Estava perto da morte quando acordou, ele sabia. E alguém o acordou. Quem? Depois de tanto tempo, por que alguém estava se preocupando com a sua vida agora? Depois de anos tentando se fazer notar, tentando ser ouvido, depois de desistir. Por que havia alguém preparado em mantê-lo vivo agora? Ícaro suspirou e trocou a paisagem da noite para olhar para dentro de casa, para Sol dormindo em sua cama, mais ou menos enrolada em seus lençóis. Depois de uma vida inteira, Ícaro estava grato por estar vivo pela primeira vez. Não sabia quem o havia acordado, mas agradeceria quando tivesse a oportunidade.

Ele dormiu ali, na varanda. Quando acordou, Sol já havia partido e o céu estava claro com a sua luz. Pela primeira vez, Ícaro se incomodou com a neblina e as nuvens que deixavam o dia cinza. Geralmente, não era com aquela estrela que ele se preocupava e agora ela era a única. Contou cada minuto com ansiedade e, no primeiro sinal do pôr-do-sol, preparou-se para encontrar sua divindade-mulher, que desceria dos céus para vê-lo.

“Não vá”, escutou. A mesma voz que o manteve vivo, agora o mandava esperar. “Não vá, Ícaro.”

— Quem está falando comigo?

— . - A falta de resposta o irritou

— Quem é você? - Perguntou com a voz um pouco mais alta, áspera.

Nenhuma resposta. Ele suspirou e abriu as asas, pronto para ir.

— Não vá, seu tolo! - Agora era real, Ícaro podia sentir.

Estava bem ali, atrás dele. Um homem também alado, mas não parecia ter a mesma pele, não parecia ser feito da mesma coisa. As asas preenchiam todo o ambiente com uma luz pálida, mas ainda celestial; os cabelos eram encaracolados e castanhos, pareciam ter sido desenhados com perfeição. Todo ele, na verdade, parecia perfeito. Mesmo que invadindo sua casa e lhe dando ordens, Ícaro não conseguia sentir nada além de afeição pelo desconhecido.

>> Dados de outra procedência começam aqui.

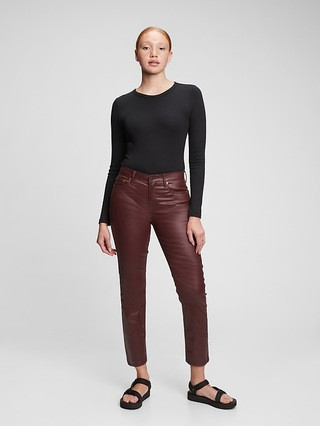 Mid Rise Vintage Slim Coated Jeans | Gap (US)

— Foi você que me mandou acordar?

— Sim.

— Eu ia morrer, não ia?

— Sim.

— E por que não me deixou partir?

— Era isso o que você queria?

— Bom, não. - E suspirou, lembrando-se do quanto estava grato a cada segundo que o céu escurecia um pouco mais.

— Não há de quê, então.

— A quem devo agradecer?

— Meu nome é Eros.

— Você é filho de-

— Sim. - Eros revirou os olhos tão discretamente que nem Ícaro percebeu. Nem mesmo aquela que chamava por mãe perceberia.

— Bom, obrigado. Agora eu preciso-

— Não vá. - Sua voz já não era tão calma.

Ícaro não respondeu. Na verdade, nem sabia se realmente tinha entendido o que parecia ter entendido. Apenas o fitou com expressão de dúvida. Eros suspirou.

— Vocês não podem fazer isso. Não podem mais.

— Fazer o que? - Sua voz tremia assim como o seu corpo.

— Ouça, talvez seja melhor você se sentar. Precisamos conversar. - Eros deu dois passos para frente e Ícaro deu dois passos para trás.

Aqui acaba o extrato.